From Dad I learned enthusiasm. I learned to lose myself in the books, movies, and ideas that I loved. He gave me the gift of slapstick comedy, of James Bond, and of science fiction. I suppose what I’ve always admired most about you, Dad, is your ability to enjoy things that other people like. When I say something like: “hey, you’d love the new Captain America movie,” or “You should read Michael Chabon’s Kavalier and Clay,” your response is: “cool! This is something new for me to enjoy!” You were a cheerleader and an enthusiast, and I had fun with you.

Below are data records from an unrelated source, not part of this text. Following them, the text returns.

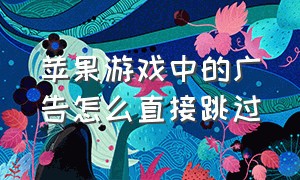 苹果游戏中的广告怎么直接跳过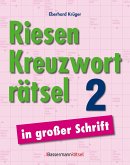 Riesen-Kreuzworträtsel in großer Schrift 2 (5 Exemplare à 3,99 EUR) Riesen-Kreuzworträtsel in großer Schrift 2 (5 Exemplare à 3,99 EUR)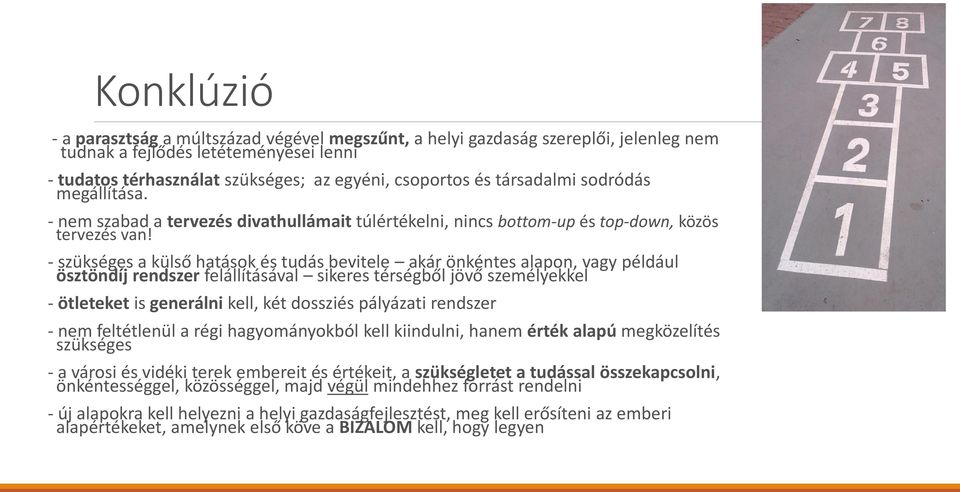 - szükséges a külső hatások és tudás bevitele akár önkéntes alapon, vagy például ösztöndíj rendszer felállításával sikeres térségből jövő személyekkel - ötleteket is generálni kell, két dossziés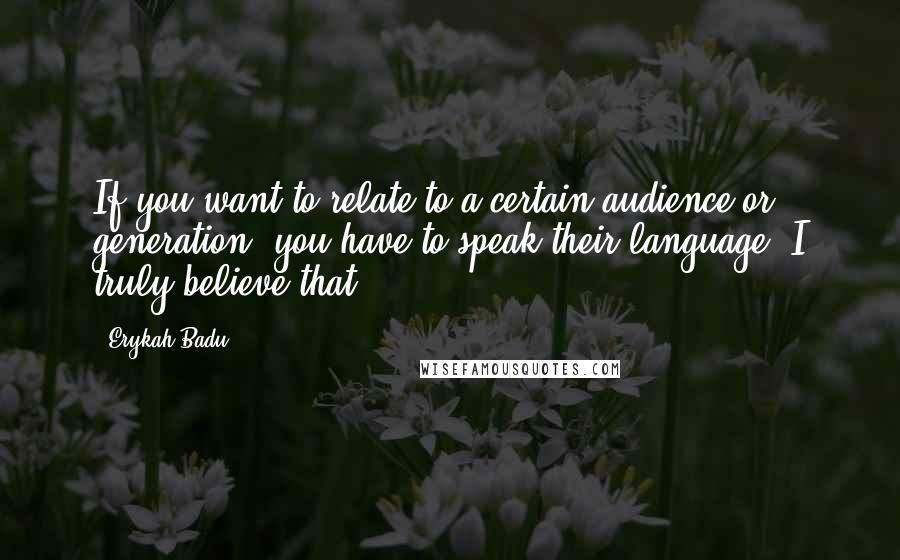 Erykah Badu Quotes: If you want to relate to a certain audience or generation, you have to speak their language. I truly believe that.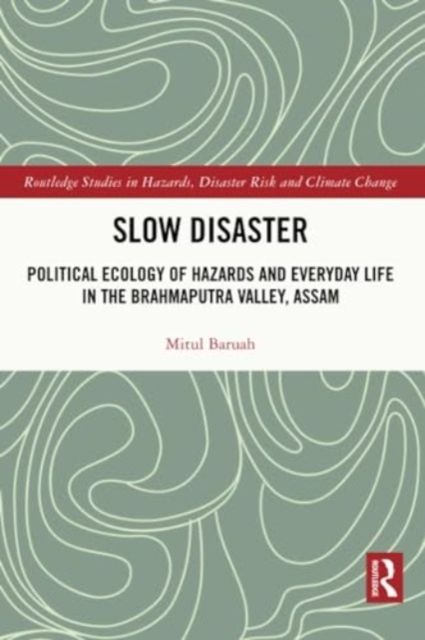 Slow Disaster : Political Ecology of Hazards and Everyday Life in the Brahmaputra Valley, Assam, Paperback / softback Book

Mom, like you, I have a very strong emotional response to politicians who say or do things that I find inhumane or unethical. But I’ve come to recognize that if I say nasty things on Facebook or social media or on text or in a crowd, I will hurt other people, some of whom I love, and I will invite the wrath of those with whom I disagree. Outrage online has helped to divide our country. You might not have liked Gore Vidal and I might not have agreed with — say — George Will — but when they spoke to the public or to each other, at least they had been vetted. They spoke with a modicum of respect and decorum. They had viable arguments. They were people who engaged in arguments in a civil, humane fashion. Today, liberals, conservatives, and truly extreme right-wing fanatics spew too much rage and bile online. There can be no conversation, no dialogue, no compromise, and no real democracy when people are shouting at each other, hating each other, refusing to show the other side any respect. A civil society requires civility. Allow me to paraphrase the gandaddy of conservative thought, Edmund Burke: For us to truly love our country, our country must first be lovely. It doesn’t seem lovely to me right now. It seems quite ugly, and its incivility has never been more distasteful to me.
I believe that democracy requires listening and learning as much as it requires strong opinions. I’m as guilty of violating this principle as anyone, of course. I overstate things and overreact. Frankly, I really don’t want to inhabit a world that defines itself in the negative, a world that says “I’m not really sure what I stand for — but I hate that man/woman because s/he’s not like me or doesn’t share my beliefs.” I feel like the current divisiveness of American politics makes it nearly impossible for us to enjoy being together. I have always loved spending time with you guys and sharing my family’s life with you.
The fact is, I love you both very much. You were my entire world when I was growing up. I have great memories of being with you and I hope to make more, but the world seems like a bleak, angry, divided, hateful space right now. I will have to spend a lot of my time and energy working to fight against that hate and that anger. I hope that you will, as well.